C.Meetings. The City Manager and the ETHS Superintendent, or their designees,
shall meet at least two times per year to discuss and review the affordable housing program,
including the City’s acquisition efforts and the status of construction.
D.Notification of Available Property. By March 1 of each year of this Agreement, or
by such later date if agreed to in writing by the parties, the City will use best efforts to identify
aresidential property for the next Project Home site to enable the School District to construct
aresidence for such property in the immediately following school year. If the Parties decide that
a property is not available by March 1, ETHS shall have no obligation to build a residence
during the immediately following school year.
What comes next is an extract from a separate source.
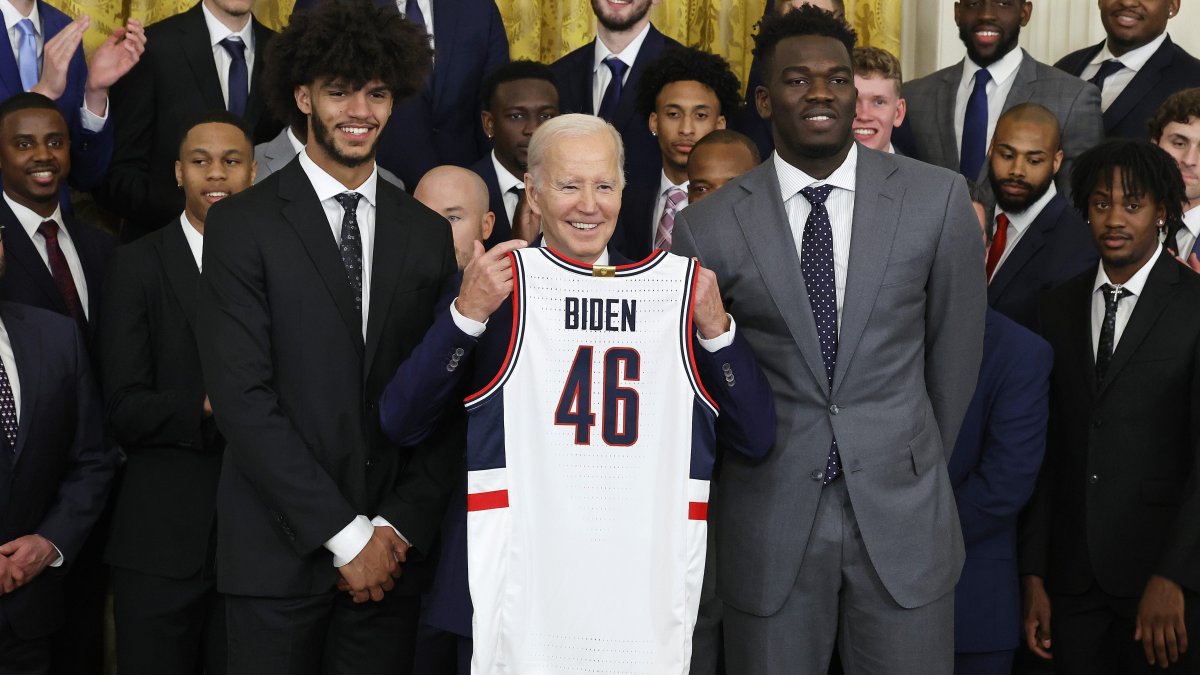 March Madness Joe Biden reveals his NCAA Tournament brackets NBC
ETHS will confirm, in its sole discretion, with
the City prior to acquisition of the property whether the property is an appropriate site for the
residence to be constructed in the upcoming school year. The City shall grant ETHS access to
the property to conduct due diligence activities, including environmental assessments, that
ETHS deems necessary. ETHS must notify the City and pay for any due diligence, including
environmental assessment, that it seeks to be performed prior to the City’s acquisition of the site.
Section 3. ETHS Role and Responsibilities.
A.ETHS to Construct Project Home. After the City acquires a property (the “Subject
Property”), students and staff members shall construct a residence that is approximately 1,000 –
1,500 square feet in size (the “Project Home”). All aspects of the construction will be
coordinated and supervised by ETHS, including the building foundation, and installation of all
improvements and fixtures in compliance with all applicable codes and regulations. ETHS shall
coordinate and perform all aspects of the construction in an efficient, competent, and safe
manner in compliance with all federal, state, and local laws and regulations. The Project Home’s
primary structure will be constructed on ETHS property (1600 Dodge Avenue, Evanston,
Illinois).
B.Relocation of Project Home and Duration of Construction. After the Project
Home has been constructed, ETHS will arrange to move the Project Home to an appropriate
foundation located on the Subject Property. The foundation, mechanical systems, including
electrical, plumbing and HVAC, as well as interior and exterior finishing will be completed by
subcontractors hired by ETHS. Subject to Force Majeure, ETHS shall use due diligence and
commercially reasonable efforts to ensure completion and receipt of a Temporary Certificate of
Occupancy within 18 months after commencing construction.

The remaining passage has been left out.